= TASK =
Starting with the line that contains "Thank you so" and stopping after the line that contains "Facing new challenges", return each line below exactly as written, with no others.

= PROVIDED INFORMATION =
BEGIN

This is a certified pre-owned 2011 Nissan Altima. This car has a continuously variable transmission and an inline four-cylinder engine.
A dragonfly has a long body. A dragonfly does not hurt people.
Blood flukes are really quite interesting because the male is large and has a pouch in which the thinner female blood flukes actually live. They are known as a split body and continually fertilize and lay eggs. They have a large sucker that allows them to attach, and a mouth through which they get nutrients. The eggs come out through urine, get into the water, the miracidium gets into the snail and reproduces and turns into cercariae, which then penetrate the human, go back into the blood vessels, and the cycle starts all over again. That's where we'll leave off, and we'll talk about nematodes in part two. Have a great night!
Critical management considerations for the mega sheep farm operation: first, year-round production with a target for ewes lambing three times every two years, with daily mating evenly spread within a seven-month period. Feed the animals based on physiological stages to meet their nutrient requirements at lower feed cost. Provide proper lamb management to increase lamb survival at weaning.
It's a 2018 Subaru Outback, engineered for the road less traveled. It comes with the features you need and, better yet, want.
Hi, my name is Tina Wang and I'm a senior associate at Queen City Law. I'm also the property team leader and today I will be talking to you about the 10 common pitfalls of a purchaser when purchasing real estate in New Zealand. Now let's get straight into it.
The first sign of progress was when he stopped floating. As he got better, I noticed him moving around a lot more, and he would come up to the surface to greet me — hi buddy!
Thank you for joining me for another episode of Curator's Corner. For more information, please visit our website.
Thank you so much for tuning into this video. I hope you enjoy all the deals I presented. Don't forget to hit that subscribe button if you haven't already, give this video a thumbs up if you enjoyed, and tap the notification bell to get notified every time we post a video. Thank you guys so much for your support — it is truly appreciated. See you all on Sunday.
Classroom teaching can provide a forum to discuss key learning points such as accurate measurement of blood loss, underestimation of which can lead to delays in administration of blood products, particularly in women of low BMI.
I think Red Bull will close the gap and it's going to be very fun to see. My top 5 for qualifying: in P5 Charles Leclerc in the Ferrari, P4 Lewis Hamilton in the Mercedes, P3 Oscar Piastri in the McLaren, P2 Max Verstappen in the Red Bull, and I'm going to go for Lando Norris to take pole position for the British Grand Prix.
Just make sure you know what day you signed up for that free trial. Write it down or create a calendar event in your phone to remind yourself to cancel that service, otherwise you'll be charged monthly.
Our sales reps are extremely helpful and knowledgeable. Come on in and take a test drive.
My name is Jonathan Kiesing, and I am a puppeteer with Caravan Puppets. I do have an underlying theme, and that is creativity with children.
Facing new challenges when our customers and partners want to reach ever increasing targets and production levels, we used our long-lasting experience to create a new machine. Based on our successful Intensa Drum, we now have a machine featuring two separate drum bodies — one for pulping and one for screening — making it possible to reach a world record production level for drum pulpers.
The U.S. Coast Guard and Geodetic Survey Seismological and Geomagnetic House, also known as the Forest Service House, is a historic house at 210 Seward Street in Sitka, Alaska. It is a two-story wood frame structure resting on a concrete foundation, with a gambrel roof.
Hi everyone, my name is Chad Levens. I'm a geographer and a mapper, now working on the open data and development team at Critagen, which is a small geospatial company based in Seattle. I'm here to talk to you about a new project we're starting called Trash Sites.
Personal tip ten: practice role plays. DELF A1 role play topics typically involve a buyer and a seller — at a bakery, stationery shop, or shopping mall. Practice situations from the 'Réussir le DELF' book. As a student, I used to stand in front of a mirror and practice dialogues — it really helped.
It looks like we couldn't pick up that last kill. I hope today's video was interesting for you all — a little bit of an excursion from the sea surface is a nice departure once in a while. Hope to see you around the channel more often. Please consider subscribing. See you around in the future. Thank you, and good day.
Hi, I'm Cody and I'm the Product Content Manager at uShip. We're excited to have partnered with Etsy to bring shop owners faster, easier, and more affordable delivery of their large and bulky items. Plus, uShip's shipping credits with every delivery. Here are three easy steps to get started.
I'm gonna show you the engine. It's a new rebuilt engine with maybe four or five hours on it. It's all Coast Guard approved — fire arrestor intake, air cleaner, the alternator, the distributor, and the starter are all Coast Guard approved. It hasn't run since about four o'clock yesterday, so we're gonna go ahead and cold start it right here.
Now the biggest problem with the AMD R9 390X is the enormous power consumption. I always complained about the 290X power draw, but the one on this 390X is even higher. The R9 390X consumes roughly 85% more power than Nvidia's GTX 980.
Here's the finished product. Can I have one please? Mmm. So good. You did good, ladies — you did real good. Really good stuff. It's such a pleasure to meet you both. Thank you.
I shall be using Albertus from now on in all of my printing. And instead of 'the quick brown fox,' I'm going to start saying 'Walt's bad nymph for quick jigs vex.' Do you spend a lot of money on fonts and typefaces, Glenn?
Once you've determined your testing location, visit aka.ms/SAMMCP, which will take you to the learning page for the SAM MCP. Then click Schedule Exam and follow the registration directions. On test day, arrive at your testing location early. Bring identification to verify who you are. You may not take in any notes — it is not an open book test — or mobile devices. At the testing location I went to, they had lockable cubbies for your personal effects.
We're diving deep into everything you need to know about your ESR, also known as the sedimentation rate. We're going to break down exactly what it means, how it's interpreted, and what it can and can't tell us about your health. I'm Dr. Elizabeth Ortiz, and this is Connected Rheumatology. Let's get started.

END

= TASK ANSWER =
Thank you so much for tuning into this video. I hope you enjoy all the deals I presented. Don't forget to hit that subscribe button if you haven't already, give this video a thumbs up if you enjoyed, and tap the notification bell to get notified every time we post a video. Thank you guys so much for your support — it is truly appreciated. See you all on Sunday.
Classroom teaching can provide a forum to discuss key learning points such as accurate measurement of blood loss, underestimation of which can lead to delays in administration of blood products, particularly in women of low BMI.
I think Red Bull will close the gap and it's going to be very fun to see. My top 5 for qualifying: in P5 Charles Leclerc in the Ferrari, P4 Lewis Hamilton in the Mercedes, P3 Oscar Piastri in the McLaren, P2 Max Verstappen in the Red Bull, and I'm going to go for Lando Norris to take pole position for the British Grand Prix.
Just make sure you know what day you signed up for that free trial. Write it down or create a calendar event in your phone to remind yourself to cancel that service, otherwise you'll be charged monthly.
Our sales reps are extremely helpful and knowledgeable. Come on in and take a test drive.
My name is Jonathan Kiesing, and I am a puppeteer with Caravan Puppets. I do have an underlying theme, and that is creativity with children.
Facing new challenges when our customers and partners want to reach ever increasing targets and production levels, we used our long-lasting experience to create a new machine. Based on our successful Intensa Drum, we now have a machine featuring two separate drum bodies — one for pulping and one for screening — making it possible to reach a world record production level for drum pulpers.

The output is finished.